Denise Kum (born 1968) is a New Zealand artist. Her works are held in the collection of Auckland Art Gallery Toi o Tāmaki, Museum of New Zealand Te Papa Tongarewa, and the University of Auckland art collection.

Biography 
Kum was born in Auckland in 1968. She gained a BFA from the Elam School of Fine Arts in 1992. In the same year, Kum was a founding member of Teststrip, an artist-run gallery for contemporary and experimental art.

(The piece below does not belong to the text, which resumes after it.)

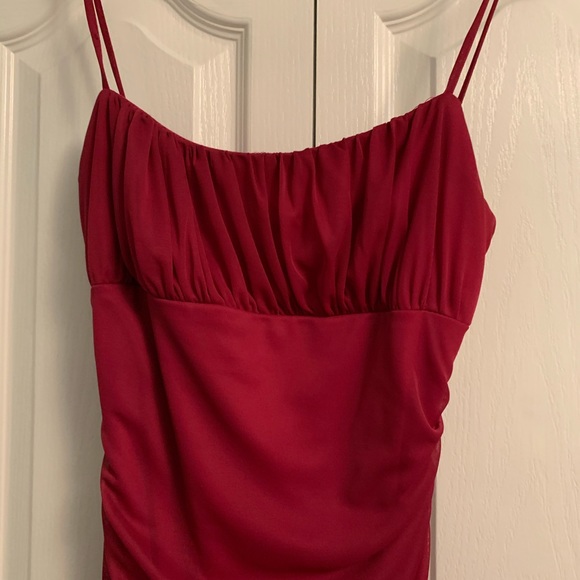 SCENE pink cocktail dress spaghetti straps wedding guest size medium - Picture 8 of 10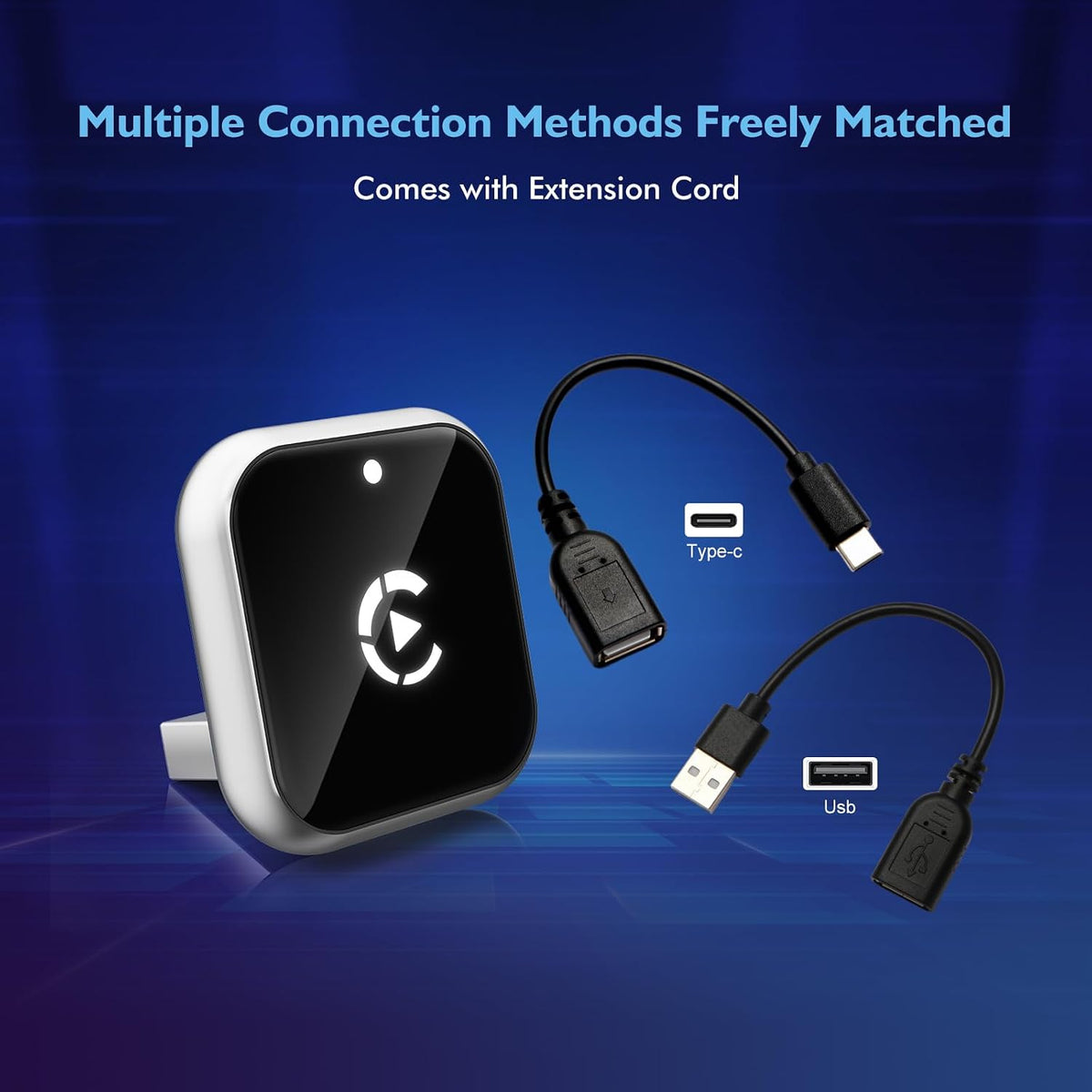 Ultra-Thin Mini Wireless & Bluetooth CarPlay Adapter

Teststrip, Auckland's first artist-run gallery, was founded by Lucy MacDonald, Merylyn Tweedie, Giovanni Intra, Daniel Malone, Judy Darragh, Gail Haffern, Kirsty Cameron and Kum. The space was initially set up to provide the founding artists with a venue for showing their work. Teststrip received a small grant from Creative New Zealand in 1995, which enabled the move to a new space on Karangahape Rd and employment of a paid administrator. Teststrip began connecting with networks of similar galleries overseas, and their international advisory board included Lilian Budd, Kathy Temin, Mikala Dwyer and Harmony Korine. The decision was made to close Teststrip in 1998 resulted from a desire to finish "cleanly and strongly, rather than peter out or recruit." Teststrips micrograph publishing project continued working after the gallery closed.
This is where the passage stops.